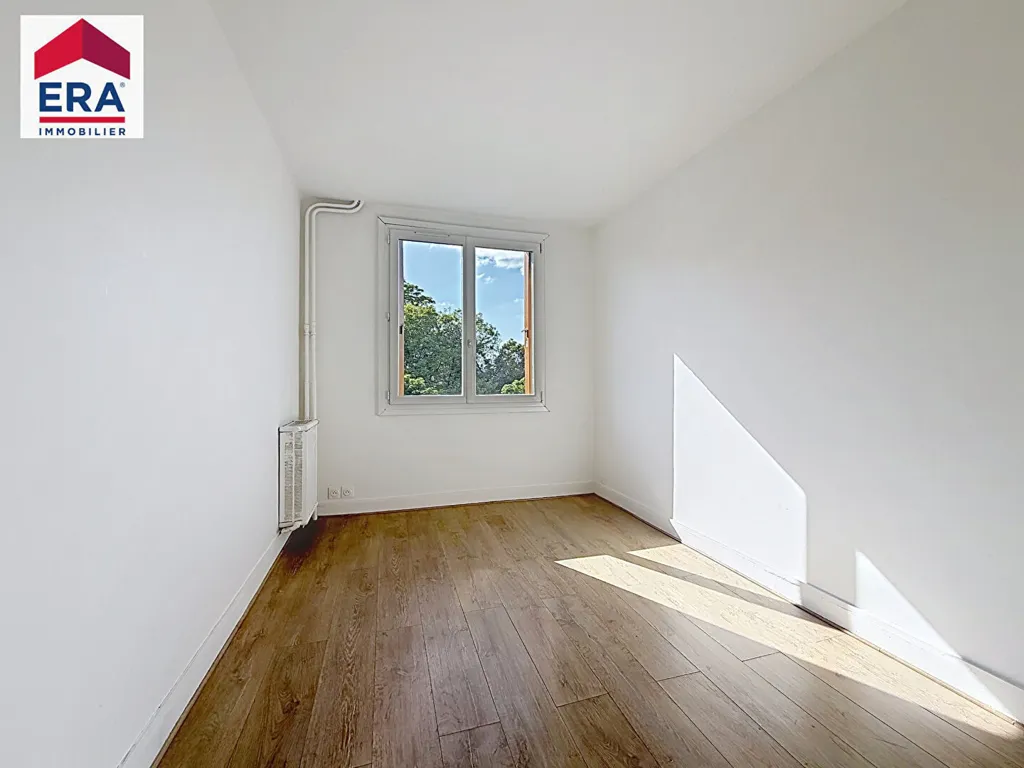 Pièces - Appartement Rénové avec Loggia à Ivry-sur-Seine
---
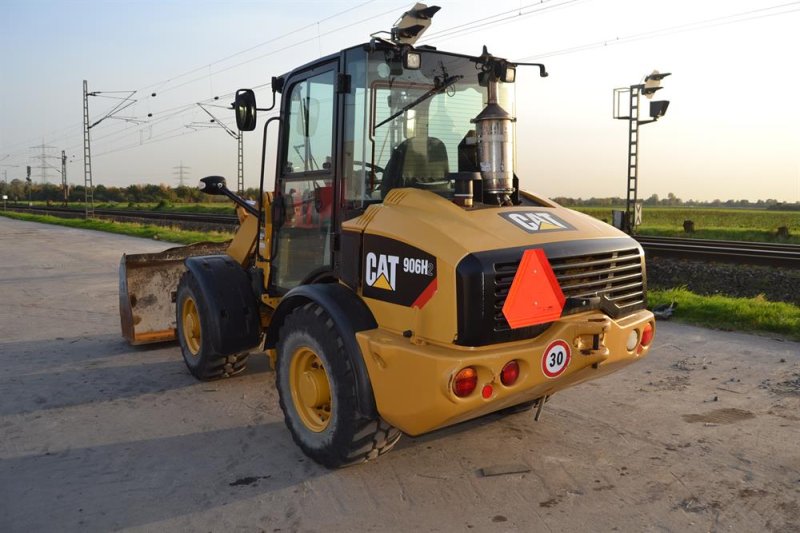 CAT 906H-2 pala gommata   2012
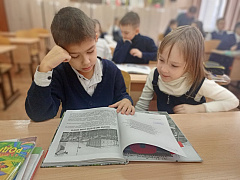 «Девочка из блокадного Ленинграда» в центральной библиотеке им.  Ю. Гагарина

PROBLEM DETAILS = In the entries above, which lines run from the one with "CAT 906H-2 pala" up to and including the one with "в центральной библиотеке"? Write them out exactly, without the pictures.

FINISHED EXERCISE =
 CAT 906H-2 pala gommata   2012
 «Девочка из блокадного Ленинграда» в центральной библиотеке им.  Ю. Гагарина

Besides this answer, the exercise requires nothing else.